What to work on »
Count every line below that holds "Women". Number only.

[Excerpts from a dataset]
=== Section Start ===
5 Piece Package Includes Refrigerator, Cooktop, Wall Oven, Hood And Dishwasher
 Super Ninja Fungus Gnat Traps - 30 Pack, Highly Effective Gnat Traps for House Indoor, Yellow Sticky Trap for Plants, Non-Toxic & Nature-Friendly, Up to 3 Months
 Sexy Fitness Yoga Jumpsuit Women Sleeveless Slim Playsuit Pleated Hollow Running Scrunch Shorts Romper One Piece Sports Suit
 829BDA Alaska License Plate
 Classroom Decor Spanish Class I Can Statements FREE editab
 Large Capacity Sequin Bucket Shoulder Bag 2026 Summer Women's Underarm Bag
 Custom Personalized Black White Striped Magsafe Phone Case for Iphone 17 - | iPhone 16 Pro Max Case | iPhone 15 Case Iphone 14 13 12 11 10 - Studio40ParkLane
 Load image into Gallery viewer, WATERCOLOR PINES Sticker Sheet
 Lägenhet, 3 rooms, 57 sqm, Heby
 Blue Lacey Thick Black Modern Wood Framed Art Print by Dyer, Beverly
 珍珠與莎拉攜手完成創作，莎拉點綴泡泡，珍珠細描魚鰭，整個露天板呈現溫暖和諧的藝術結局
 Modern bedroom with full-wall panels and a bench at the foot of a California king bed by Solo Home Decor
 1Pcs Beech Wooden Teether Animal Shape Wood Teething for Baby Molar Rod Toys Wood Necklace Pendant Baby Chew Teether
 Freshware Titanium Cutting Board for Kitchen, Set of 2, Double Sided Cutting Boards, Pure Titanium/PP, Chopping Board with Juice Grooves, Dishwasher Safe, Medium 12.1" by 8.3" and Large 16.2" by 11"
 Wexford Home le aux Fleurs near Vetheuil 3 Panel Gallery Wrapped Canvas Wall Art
=== Section End ===
Task response »
2